* WHAT YOU WILL DO *
Please work out how many of the lines below include "Kitchen". Only the number should be given.

* THE INPUT *
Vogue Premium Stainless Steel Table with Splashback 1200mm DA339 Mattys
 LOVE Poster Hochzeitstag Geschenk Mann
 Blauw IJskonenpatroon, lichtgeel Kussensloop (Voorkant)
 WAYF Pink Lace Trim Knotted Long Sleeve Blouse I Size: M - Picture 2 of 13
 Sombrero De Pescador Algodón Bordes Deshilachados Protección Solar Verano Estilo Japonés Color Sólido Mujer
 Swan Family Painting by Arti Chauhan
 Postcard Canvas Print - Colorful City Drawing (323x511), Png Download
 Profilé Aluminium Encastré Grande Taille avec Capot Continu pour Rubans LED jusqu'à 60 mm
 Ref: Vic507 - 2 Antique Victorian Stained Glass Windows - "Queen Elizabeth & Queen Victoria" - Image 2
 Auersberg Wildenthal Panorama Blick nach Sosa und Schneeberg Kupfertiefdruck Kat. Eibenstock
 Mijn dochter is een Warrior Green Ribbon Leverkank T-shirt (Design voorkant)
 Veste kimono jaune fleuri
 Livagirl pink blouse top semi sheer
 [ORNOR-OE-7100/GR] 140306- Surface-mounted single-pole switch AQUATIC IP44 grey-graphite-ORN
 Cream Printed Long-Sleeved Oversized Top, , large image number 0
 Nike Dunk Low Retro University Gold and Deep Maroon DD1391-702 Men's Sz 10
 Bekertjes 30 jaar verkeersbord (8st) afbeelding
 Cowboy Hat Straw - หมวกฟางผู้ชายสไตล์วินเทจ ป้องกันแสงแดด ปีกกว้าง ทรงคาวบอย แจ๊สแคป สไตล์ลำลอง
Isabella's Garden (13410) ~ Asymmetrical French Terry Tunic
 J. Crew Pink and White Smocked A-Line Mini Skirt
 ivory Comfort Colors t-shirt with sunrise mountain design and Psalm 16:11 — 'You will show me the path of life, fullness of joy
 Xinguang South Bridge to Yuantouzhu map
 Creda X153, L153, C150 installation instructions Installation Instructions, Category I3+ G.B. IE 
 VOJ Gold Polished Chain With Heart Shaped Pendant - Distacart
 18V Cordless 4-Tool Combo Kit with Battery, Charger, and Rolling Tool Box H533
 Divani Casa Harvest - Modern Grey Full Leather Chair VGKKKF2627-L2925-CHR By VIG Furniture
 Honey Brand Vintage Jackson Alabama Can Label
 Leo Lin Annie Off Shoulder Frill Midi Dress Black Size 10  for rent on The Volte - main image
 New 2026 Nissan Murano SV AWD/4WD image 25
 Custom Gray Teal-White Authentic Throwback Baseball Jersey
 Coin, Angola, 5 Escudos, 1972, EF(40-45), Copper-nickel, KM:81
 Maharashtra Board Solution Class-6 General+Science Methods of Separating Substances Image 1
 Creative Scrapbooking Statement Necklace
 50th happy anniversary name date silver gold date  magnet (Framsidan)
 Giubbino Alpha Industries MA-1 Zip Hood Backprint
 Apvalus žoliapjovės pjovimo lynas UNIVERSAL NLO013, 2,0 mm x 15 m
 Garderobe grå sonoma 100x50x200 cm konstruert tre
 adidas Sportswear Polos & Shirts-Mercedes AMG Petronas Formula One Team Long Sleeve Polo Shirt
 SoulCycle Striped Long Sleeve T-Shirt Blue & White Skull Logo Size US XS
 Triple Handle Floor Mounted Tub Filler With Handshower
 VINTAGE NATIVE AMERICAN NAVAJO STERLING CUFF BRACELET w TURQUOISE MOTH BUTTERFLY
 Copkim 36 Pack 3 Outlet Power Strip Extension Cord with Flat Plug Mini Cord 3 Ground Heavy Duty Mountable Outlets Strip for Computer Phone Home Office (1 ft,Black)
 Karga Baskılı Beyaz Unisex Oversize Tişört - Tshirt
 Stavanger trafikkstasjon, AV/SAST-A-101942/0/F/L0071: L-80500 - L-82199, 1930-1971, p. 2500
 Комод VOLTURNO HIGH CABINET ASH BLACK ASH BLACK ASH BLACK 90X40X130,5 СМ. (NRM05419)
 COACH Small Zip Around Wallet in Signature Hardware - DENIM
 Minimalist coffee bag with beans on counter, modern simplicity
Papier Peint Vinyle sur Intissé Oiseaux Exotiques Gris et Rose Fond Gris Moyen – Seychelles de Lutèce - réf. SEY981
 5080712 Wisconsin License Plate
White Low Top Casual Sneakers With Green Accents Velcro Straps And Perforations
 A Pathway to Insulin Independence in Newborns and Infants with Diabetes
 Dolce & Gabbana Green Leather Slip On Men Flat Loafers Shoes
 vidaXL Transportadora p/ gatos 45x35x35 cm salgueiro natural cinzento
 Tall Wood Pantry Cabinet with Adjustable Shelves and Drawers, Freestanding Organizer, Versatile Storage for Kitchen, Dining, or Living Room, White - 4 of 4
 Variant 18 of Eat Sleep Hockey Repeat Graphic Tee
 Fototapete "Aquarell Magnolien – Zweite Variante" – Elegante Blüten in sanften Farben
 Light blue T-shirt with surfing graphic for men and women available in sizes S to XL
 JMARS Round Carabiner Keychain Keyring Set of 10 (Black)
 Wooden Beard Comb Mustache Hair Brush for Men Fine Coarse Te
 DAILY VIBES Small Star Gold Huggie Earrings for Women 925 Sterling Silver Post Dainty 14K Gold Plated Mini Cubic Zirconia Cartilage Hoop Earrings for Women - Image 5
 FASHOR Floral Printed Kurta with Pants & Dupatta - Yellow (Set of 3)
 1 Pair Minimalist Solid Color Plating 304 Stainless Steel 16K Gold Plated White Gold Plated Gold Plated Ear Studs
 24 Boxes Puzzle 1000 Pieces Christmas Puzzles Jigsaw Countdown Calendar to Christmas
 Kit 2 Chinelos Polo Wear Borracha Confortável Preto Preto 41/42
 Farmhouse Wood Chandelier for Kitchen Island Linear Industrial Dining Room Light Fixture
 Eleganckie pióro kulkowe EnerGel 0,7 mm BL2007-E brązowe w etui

* TASK RESPONSE *
2